The late jazz great Dave Brubeck once greeted Armstrong, using his popular nickname, with the words “This is Pops, our dad to all.” And Armstrong’s jazz roots ran deep in his hometown of New Orleans and spread around the world. Traditional jazz had not died out in New Orleans in 1961. According to one source, it was still played among a group of black musicians for weddings, funerals and other events and for tourists at local clubs. But among the many musical styles that existed, it was in danger of becoming a historical artifact. The Preservation Hall was unique. It did not serve alcohol, had about 50 seats on six benches, and until 2019 had no air conditioning.

Crowd near Preservation Hall in New Orleans

“The Jaffes played different roles at Preservation Hall,” notes the New York Times. “Allan Jaffe, who played the helicon, a brass instrument, was the link to the musicians and sent them on the road as the Preservation Hall Jazz Band. Mrs. Jaffe, who shared management duties with her husband, was usually stationed at the front door of the venue with a basket on her lap collecting money from customers.

Their son, Ben, who plays with the band and now runs Preservation Hall, recently told an interviewer about the unique role she played:

“That’s how many remember her: as the first to interact with people,” he recalls. “She was also the de facto bouncer and security; she had to step in when people were inappropriate or espoused racist language. My mother would bite first, then assess the situation.

preservation room

The Jaffes insisted on running an integrated business in violation of then-existing Jim Crow segregation laws. On several occasions, they were summoned by the authorities for violating these laws. A character Ben Jaffe remembers as Judge Babylon sounded like something out of a Tennessee Williams play. “In New Orleans,” he said as he tapped his gavel, “we don’t mix our coffee and our cream.” Sandra Jaffe burst out laughing and said, “Funny, the most popular thing in New Orleans is latte.”

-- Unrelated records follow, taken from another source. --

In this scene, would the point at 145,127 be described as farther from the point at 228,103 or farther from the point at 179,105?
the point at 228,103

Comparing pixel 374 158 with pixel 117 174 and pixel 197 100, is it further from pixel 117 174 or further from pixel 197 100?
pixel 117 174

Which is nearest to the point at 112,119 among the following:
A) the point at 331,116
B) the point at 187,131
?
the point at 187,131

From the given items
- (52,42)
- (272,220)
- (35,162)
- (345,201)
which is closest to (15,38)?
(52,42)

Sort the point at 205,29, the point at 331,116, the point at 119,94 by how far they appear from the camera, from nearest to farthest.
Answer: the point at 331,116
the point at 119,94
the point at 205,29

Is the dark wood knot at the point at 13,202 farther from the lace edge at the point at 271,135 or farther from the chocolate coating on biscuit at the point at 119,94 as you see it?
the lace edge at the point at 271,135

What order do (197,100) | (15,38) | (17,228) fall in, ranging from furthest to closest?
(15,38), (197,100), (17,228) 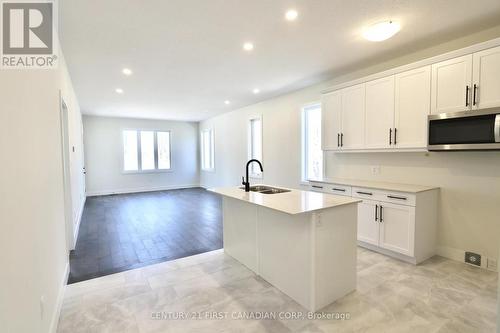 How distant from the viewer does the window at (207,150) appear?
9.02 meters

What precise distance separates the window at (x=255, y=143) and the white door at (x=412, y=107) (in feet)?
11.7

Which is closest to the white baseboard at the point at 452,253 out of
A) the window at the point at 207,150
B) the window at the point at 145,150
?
the window at the point at 207,150

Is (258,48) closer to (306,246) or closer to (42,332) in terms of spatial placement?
(306,246)

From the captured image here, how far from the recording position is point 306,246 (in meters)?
2.19

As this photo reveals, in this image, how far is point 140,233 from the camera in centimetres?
436

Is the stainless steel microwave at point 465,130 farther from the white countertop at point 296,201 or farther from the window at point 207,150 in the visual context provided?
the window at point 207,150

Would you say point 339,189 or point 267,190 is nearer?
point 267,190

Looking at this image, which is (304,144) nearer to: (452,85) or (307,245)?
(452,85)

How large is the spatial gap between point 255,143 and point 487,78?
15.6 feet

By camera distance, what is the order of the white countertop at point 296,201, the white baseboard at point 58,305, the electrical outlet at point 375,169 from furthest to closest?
the electrical outlet at point 375,169 < the white countertop at point 296,201 < the white baseboard at point 58,305

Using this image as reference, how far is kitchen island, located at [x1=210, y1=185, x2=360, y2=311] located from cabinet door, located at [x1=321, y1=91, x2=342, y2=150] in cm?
165

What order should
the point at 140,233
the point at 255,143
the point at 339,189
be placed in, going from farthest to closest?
the point at 255,143 < the point at 140,233 < the point at 339,189

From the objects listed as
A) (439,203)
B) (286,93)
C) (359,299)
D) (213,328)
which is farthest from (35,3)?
(439,203)

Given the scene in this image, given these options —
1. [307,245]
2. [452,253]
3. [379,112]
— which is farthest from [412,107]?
[307,245] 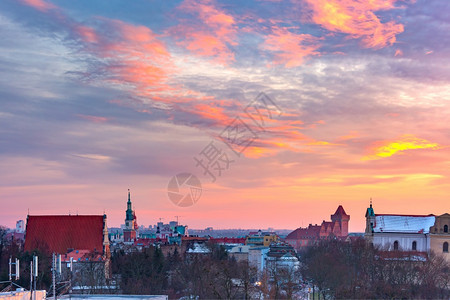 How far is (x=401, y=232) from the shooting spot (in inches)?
4697

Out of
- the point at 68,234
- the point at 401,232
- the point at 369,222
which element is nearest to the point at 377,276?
the point at 401,232

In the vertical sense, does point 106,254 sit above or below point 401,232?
below

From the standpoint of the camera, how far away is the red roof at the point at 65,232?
10328 cm

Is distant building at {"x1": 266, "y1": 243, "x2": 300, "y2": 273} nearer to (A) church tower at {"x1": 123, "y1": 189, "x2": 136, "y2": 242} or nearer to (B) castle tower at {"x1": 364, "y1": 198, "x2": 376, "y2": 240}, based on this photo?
(B) castle tower at {"x1": 364, "y1": 198, "x2": 376, "y2": 240}

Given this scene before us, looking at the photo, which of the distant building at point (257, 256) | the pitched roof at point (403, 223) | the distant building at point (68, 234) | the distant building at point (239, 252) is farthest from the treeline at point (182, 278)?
the pitched roof at point (403, 223)

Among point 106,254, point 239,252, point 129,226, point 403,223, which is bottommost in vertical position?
point 239,252

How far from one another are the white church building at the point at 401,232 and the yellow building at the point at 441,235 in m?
1.12

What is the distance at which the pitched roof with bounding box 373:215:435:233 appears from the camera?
11769 centimetres

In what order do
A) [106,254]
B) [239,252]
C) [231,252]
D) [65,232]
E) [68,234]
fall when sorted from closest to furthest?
[106,254], [68,234], [65,232], [231,252], [239,252]

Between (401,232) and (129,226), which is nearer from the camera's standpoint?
(401,232)

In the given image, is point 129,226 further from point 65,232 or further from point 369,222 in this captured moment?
point 65,232

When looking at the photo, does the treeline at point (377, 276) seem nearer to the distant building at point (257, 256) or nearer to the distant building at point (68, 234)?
the distant building at point (257, 256)

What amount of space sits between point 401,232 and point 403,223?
7.01 ft

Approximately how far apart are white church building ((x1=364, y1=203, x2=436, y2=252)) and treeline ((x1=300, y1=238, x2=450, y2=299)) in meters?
13.9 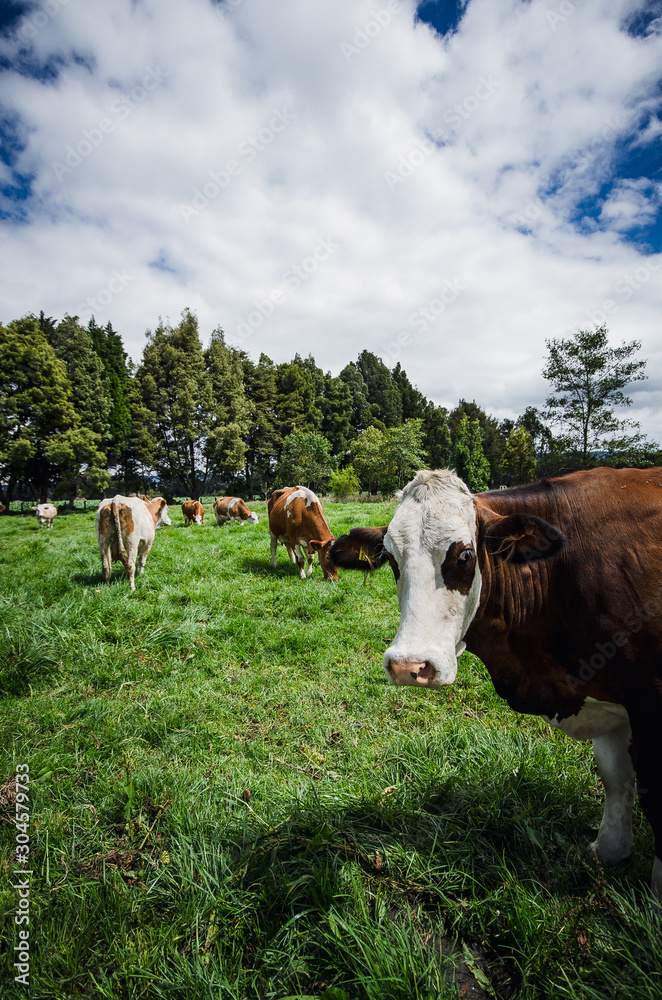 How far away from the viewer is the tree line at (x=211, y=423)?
2495cm

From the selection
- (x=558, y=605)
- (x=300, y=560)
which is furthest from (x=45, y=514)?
(x=558, y=605)

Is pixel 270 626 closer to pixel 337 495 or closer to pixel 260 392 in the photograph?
pixel 337 495

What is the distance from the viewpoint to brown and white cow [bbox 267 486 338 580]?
831cm

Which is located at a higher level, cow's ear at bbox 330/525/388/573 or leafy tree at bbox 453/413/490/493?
leafy tree at bbox 453/413/490/493

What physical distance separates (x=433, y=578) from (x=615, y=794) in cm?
165

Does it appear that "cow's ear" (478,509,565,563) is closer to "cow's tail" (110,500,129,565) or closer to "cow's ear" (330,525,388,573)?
"cow's ear" (330,525,388,573)

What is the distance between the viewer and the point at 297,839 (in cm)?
225

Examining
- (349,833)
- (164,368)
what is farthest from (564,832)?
(164,368)

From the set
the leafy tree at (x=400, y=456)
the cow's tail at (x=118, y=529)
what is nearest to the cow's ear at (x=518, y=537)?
the cow's tail at (x=118, y=529)

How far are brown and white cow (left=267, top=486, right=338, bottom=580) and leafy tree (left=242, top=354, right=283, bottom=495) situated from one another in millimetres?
31740

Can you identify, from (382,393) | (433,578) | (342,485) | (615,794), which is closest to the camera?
(433,578)

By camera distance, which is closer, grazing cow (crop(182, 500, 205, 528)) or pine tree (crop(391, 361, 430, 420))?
grazing cow (crop(182, 500, 205, 528))

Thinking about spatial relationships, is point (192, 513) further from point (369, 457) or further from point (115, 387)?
point (369, 457)

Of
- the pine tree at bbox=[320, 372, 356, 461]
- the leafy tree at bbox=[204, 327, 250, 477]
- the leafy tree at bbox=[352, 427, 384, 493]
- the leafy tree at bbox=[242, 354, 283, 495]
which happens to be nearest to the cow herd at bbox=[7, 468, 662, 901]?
the leafy tree at bbox=[204, 327, 250, 477] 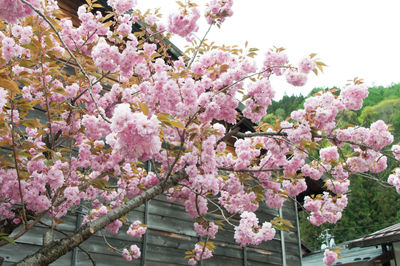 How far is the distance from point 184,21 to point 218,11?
0.37 metres

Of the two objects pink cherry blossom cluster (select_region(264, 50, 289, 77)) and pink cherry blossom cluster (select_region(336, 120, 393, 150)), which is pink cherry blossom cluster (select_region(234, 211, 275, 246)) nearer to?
pink cherry blossom cluster (select_region(336, 120, 393, 150))

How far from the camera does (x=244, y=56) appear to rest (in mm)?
3518

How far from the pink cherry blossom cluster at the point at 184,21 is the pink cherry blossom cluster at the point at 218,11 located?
0.14 m

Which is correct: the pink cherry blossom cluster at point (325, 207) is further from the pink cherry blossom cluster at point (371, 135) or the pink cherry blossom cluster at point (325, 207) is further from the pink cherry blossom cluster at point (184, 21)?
the pink cherry blossom cluster at point (184, 21)

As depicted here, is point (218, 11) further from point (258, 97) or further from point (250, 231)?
point (250, 231)

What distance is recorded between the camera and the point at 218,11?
354 cm

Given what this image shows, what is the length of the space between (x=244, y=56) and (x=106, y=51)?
1338 millimetres

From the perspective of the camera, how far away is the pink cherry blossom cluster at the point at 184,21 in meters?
3.46

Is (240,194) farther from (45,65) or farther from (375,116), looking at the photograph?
(375,116)

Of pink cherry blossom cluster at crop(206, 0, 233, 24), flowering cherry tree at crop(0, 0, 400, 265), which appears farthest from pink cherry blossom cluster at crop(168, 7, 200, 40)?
pink cherry blossom cluster at crop(206, 0, 233, 24)

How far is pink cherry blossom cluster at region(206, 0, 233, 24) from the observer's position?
3.51m

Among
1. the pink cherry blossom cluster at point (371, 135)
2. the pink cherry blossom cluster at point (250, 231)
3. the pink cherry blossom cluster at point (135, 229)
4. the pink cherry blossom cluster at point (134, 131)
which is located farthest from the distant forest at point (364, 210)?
the pink cherry blossom cluster at point (134, 131)

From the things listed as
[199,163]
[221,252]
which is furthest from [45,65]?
[221,252]

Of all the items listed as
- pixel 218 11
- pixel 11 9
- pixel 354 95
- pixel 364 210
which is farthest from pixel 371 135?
pixel 364 210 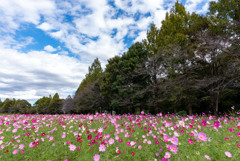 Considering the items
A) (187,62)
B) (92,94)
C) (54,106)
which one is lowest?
(54,106)

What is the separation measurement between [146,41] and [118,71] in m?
4.76

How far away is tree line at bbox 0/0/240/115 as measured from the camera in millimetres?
9742

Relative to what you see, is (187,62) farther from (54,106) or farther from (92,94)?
(54,106)

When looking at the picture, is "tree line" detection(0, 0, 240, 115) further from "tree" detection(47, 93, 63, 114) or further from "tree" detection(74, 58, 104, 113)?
"tree" detection(47, 93, 63, 114)

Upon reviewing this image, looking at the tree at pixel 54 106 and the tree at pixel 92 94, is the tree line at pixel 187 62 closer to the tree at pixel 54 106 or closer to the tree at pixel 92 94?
the tree at pixel 92 94

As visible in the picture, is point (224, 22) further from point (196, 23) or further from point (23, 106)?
point (23, 106)

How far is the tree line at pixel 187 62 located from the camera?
Result: 9.74 metres

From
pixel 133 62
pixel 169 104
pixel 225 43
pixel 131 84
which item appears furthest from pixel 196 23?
pixel 169 104

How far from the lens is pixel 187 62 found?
39.1ft

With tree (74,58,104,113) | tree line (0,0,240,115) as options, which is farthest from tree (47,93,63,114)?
tree line (0,0,240,115)

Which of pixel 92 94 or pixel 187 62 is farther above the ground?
pixel 187 62

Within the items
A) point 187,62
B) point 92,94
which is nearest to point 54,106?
point 92,94

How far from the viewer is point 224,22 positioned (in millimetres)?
10109

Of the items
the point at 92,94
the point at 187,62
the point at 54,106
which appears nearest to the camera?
the point at 187,62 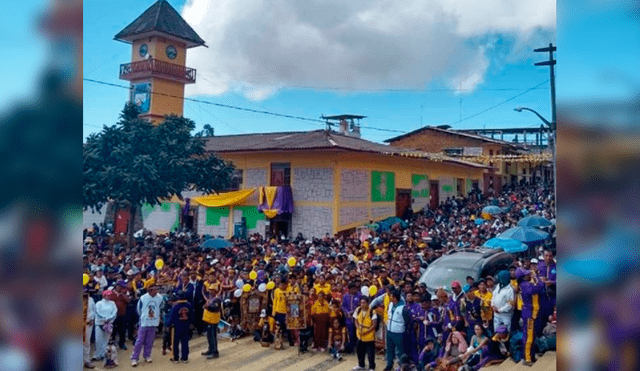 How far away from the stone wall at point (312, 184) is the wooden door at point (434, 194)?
19.0ft

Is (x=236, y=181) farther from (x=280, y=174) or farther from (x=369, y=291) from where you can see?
(x=369, y=291)

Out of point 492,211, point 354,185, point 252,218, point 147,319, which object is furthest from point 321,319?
point 492,211

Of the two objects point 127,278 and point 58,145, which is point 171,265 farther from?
point 58,145

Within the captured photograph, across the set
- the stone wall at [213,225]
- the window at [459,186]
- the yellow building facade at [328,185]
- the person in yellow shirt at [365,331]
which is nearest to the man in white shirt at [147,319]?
the person in yellow shirt at [365,331]

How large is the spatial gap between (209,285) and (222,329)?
1.02 m

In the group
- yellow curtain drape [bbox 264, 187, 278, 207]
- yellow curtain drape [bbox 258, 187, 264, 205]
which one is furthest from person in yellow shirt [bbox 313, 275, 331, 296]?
yellow curtain drape [bbox 258, 187, 264, 205]

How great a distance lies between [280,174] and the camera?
1739 cm

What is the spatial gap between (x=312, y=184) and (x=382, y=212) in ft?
9.77

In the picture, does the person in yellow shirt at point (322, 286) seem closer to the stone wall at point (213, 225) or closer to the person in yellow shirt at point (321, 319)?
the person in yellow shirt at point (321, 319)

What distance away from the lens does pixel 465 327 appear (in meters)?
6.94

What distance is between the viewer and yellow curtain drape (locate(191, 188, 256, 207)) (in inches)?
691

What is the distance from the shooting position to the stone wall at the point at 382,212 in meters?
17.7

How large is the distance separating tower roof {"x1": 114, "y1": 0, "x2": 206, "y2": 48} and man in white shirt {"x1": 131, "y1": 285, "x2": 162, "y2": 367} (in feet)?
38.9

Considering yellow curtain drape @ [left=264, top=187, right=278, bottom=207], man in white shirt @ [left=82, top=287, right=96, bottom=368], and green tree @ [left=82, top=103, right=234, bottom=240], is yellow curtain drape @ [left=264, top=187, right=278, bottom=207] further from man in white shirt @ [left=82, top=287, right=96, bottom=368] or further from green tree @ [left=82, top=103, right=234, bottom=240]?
man in white shirt @ [left=82, top=287, right=96, bottom=368] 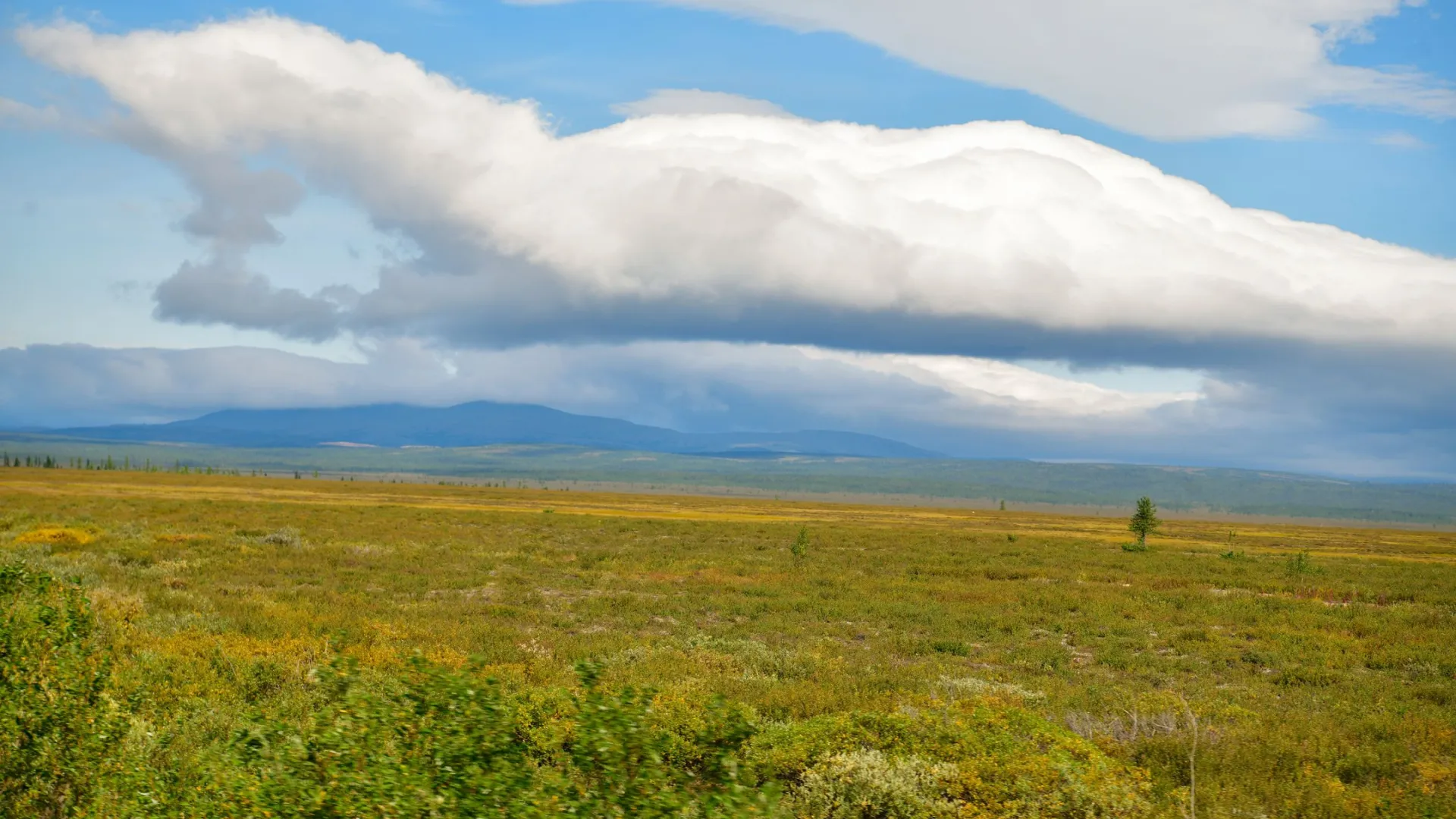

Once they paid the rent, the Jaffes and other community members created the New Orleans Society for the Preservation of Traditional Jazz to book musicians. It was several months later that they opened the room. To support themselves, the Jaffes took jobs, Allan at a department store and Sandra at a typesetting company. Attendance at Preservation Hall really took off after a two-and-a-half-minute play featuring Allan Jaffe on NBC’s “Huntley-Brinkley Report,” a late-night news program in the 1960s. The band performed worldwide and recorded since.

No admission was charged at first. Instead, a basket for donations was distributed. When someone seemed unwilling to give, Sandra would shake them until they came back. Eventually they charged a dollar. Today, prices range from $25 to $50.

Band playing at the Preservation Hall

Among the Preservation Hall Jazz Band musicians cited by The New York Times are pianist Sweet Emma Barrett, brothers Willie and Percy Humphrey (who played clarinet and trumpet), husband and wife Billie and De De Pierce (she played piano and sang, he played trumpet and cornet). Ben Jaffe currently plays sousaphone with the band.

In 2006, the Preservation Hall Jazz Band received the National Medal of Arts. He was cited for “displaying the unbreakable spirit of New Orleans and sharing the joy of jazz with all of us” after Hurricane Katrina floods.

Another family member who was part of the group was Sandra Jaffe’s sister, Resa Lambert. “I took the band on tour for many years,” she says. “I was roadie for seven men, it was awesome.” The Jaffes also had another son, Russell. Sandra had another sister Brenda Epstein.

Allan Jaffe died of cancer in 1987. Sandra died last year on December 27. She had continued to be involved in Preservation Hall almost to the day of her death, even sweeping the floor. “She called every day asking about ticket sales and tours,” her son Ben recalled. “She always felt engaged and was always engaged even when she wasn’t physically there.”

In 2011, George Wein, who produced the Newport Jazz Festival and the New Orleans Jazz & Heritage Festival, summed it up this way: “There is no doubt that the Preservation Hall saved New Orleans jazz.